WASHINGTON — Debt limit talks halted again late Friday at the U.S. Capitol shortly after resuming, another sudden turn of events after negotiations had come to an abrupt standstill earlier in the day when Republican House Speaker Kevin McCarthy said it's time to “pause” negotiations, and a White House official acknowledged there are “real differences."
Top Republican negotiators for McCarthy exited the brief meeting shortly after talks restarted Friday evening. They said there were no further negotiations planned for Friday and they were uncertain on next steps as Congress and the White House face a daunting deadline to resolve the standoff.
“We reengaged, had a very, very candid discussion, talking about where we are, talking about where things need to be, what’s reasonably acceptable," said Rep. Garret Graves, R-La., a top McCarthy ally leading the talks for his side.
Another Republican negotiator Rep. Patrick McHenry of North Carolina, said McCarthy had also left for the night, and they would be briefing the speaker on the latest developments.
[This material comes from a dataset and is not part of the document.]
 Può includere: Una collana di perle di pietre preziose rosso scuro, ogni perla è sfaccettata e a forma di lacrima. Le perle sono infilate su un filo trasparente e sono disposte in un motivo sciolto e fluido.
Asked if he was confident an agreement over budget issues could be reached with the White House, McHenry said, “No.”
President Joe Biden’s administration is racing to strike a deal with Republicans led by McCarthy as the nation careens toward a potentially catastrophic debt default if the government fails to increase the borrowing limit, now at $31 trillion, to keep paying the nation’s bills.
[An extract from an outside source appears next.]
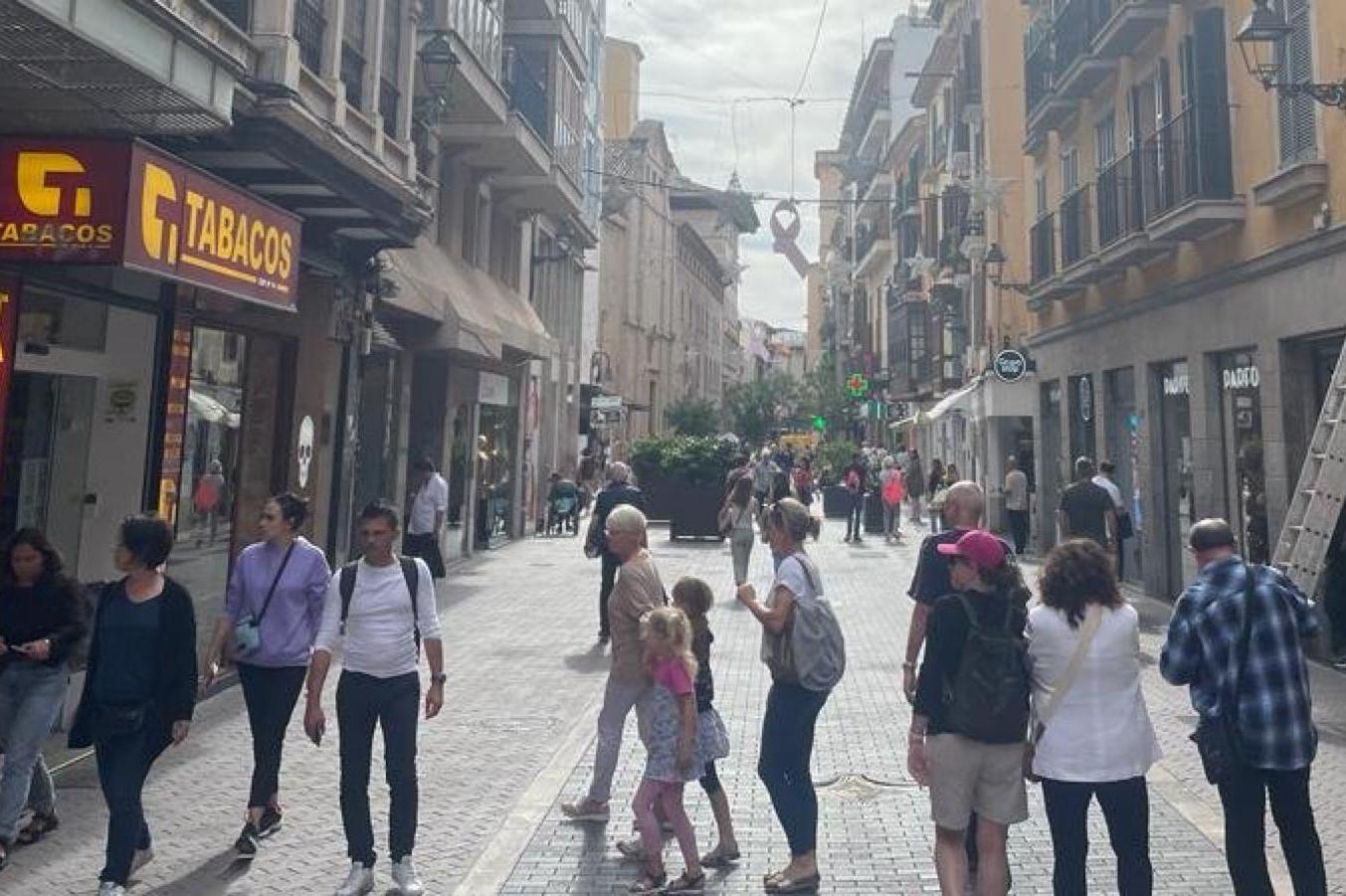 Gent passejant per un carrer comercial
Earlier in the day, McCarthy said resolution to the standoff is “easy,” if only Biden's team would agree to some spending cuts Republicans are demanding. The biggest impasse was over the fiscal 2024 top-line budget amount, according to a person briefed on the talks and granted anonymity to discuss them. Democrats staunchly oppose the steep reductions Republicans have put on the table as potentially harmful to Americans.
“We’ve got to get movement by the White House and we don’t have any movement yet,” McCarthy, R-Calif., told reporters at the Capitol. "So, yeah, we’ve got to pause.”
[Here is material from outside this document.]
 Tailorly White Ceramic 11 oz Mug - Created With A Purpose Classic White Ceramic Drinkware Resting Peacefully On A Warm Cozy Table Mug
The White House official, who was granted anonymity to talk about the private discussions, had said at that time there are “real differences” between the parties on the budget issues and further “talks will be difficult.”
The official added that the president’s team is working hard towards a “reasonable bipartisan solution” that can pass both the House and the Senate.
Wall Street turned lower as negotiations on raising the nation’s debt limit came to a sudden halt, raising worries that the country could edge closer to risking a highly damaging default on U.S. government debt.
The president, who has been in Japan attending the Group of Seven summit, had no immediate comment. Biden had already planned to cut short the rest of his trip and he is expected to return to Washington Sunday.
White House press secretary Karine Jean-Pierre said Biden had planned to be briefed on the negotiations by his team Friday evening. Biden had departed early from a Friday night dinner with G7 leaders in Hiroshima.
Negotiators met Friday for a third day behind closed doors at the Capitol with hopes of settling on an agreement this weekend before possible House votes next week. They face a looming deadline as soon as June 1, when the Treasury Department has said it will run out of cash to pay the government’s incurred debt.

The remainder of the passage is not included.